_HOW TO COMPLETE THIS TASK_
Quote all of the data exactly as given. Skip every picture it contains.

_THE DATA_
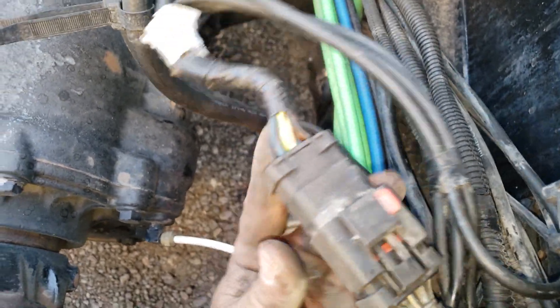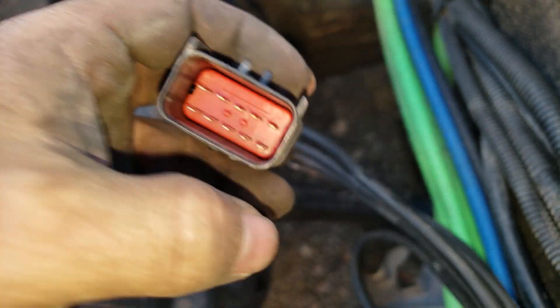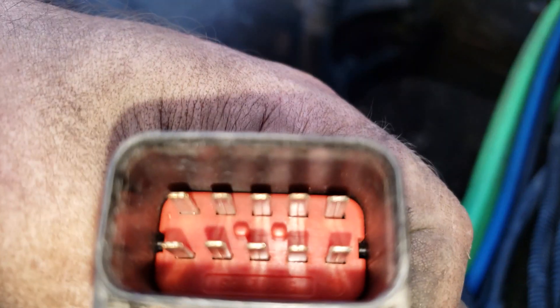It was wet. If you're getting a light on, just check this plug right here. All the pins were wet — I tilted it and all the water started coming out. I blew it out with an air compressor and cleaned the pins in there. They were getting kind of dirty, and that fixed the problem.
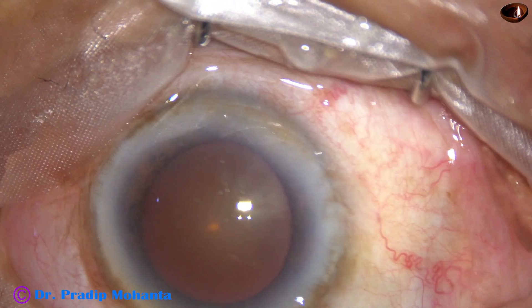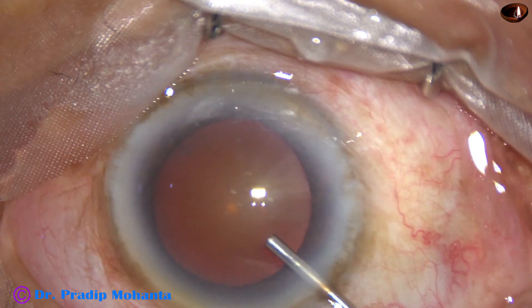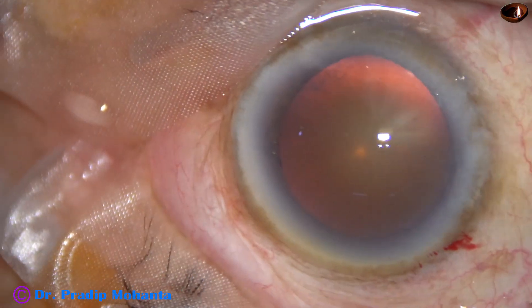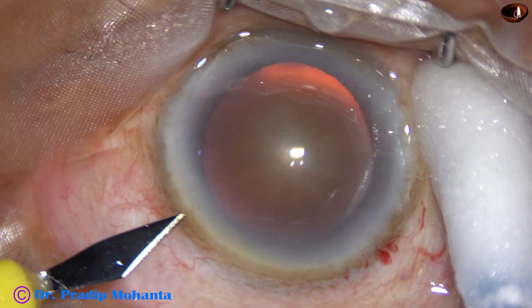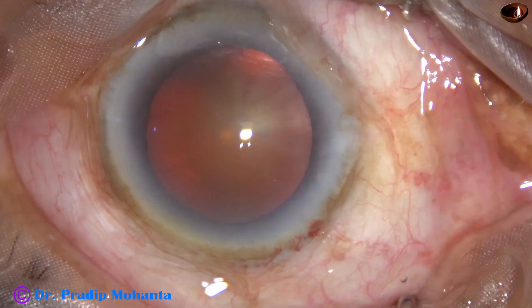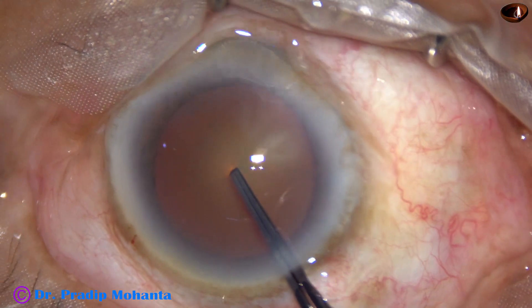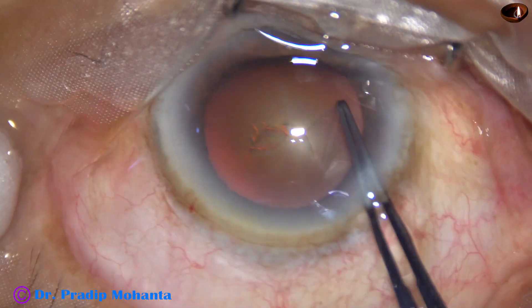We can see there is a thick arcus senilis. By this time the main incision has been made. Viscoelastic has been injected into the anterior chamber and applied over the corneal epithelium. And now this is a side port on the left side of the main incision. And now capsulorhexis. This is a utrata forceps. We are having quite good red glow.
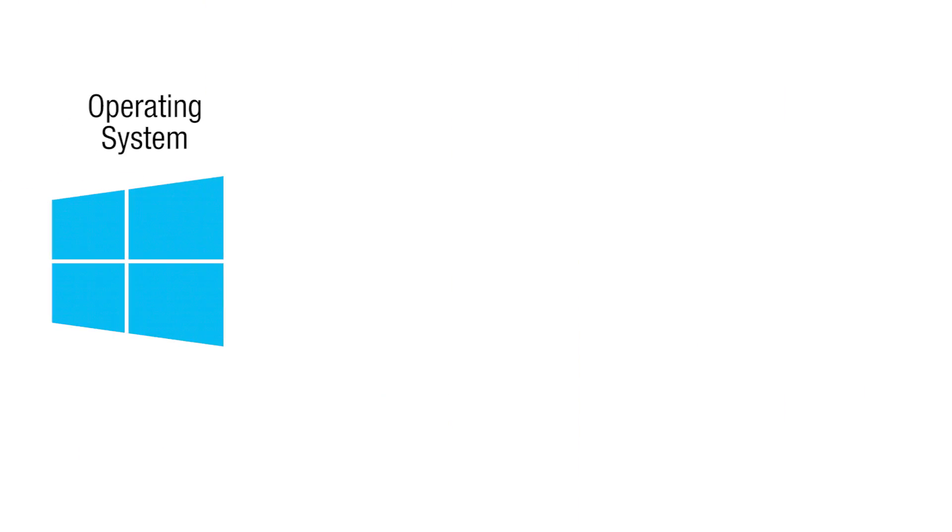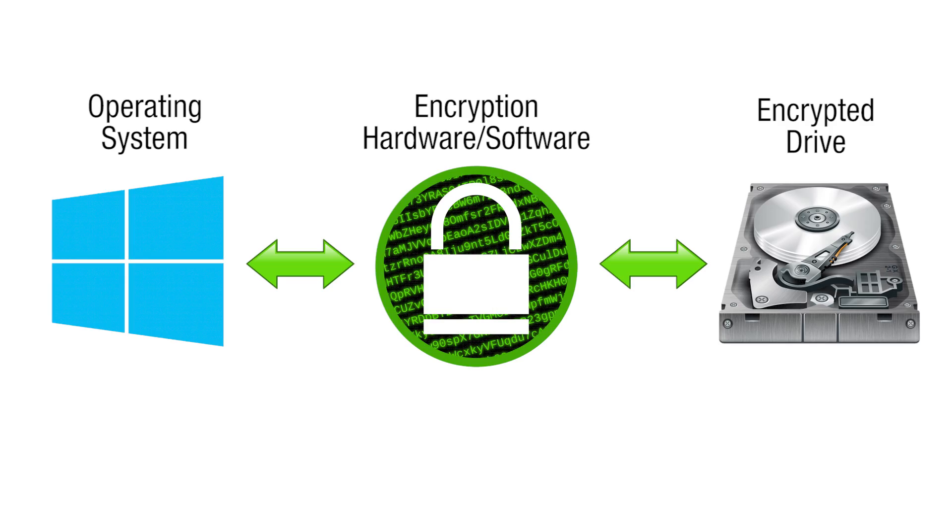But then how are you supposed to use the drive? Well, the software that you use to encrypt the drive will encrypt and decrypt the data on the fly, so the operating system doesn't have to worry about it. When the operating system needs a certain piece of data, the software will read it off the drive, decrypt it first, and then feed it to the operating system. And when the operating system wants to write something to the disk, the software will encrypt it before putting it on the drive. Your computer will look and feel exactly the same as before. Of course, if you need to encrypt and decrypt data on the fly all the time, you are going to get some performance loss from the overhead.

_ANSWER TO THIS TASK_
It was wet. If you're getting a light on, just check this plug right here. All the pins were wet — I tilted it and all the water started coming out. I blew it out with an air compressor and cleaned the pins in there. They were getting kind of dirty, and that fixed the problem.
We can see there is a thick arcus senilis. By this time the main incision has been made. Viscoelastic has been injected into the anterior chamber and applied over the corneal epithelium. And now this is a side port on the left side of the main incision. And now capsulorhexis. This is a utrata forceps. We are having quite good red glow.
But then how are you supposed to use the drive? Well, the software that you use to encrypt the drive will encrypt and decrypt the data on the fly, so the operating system doesn't have to worry about it. When the operating system needs a certain piece of data, the software will read it off the drive, decrypt it first, and then feed it to the operating system. And when the operating system wants to write something to the disk, the software will encrypt it before putting it on the drive. Your computer will look and feel exactly the same as before. Of course, if you need to encrypt and decrypt data on the fly all the time, you are going to get some performance loss from the overhead.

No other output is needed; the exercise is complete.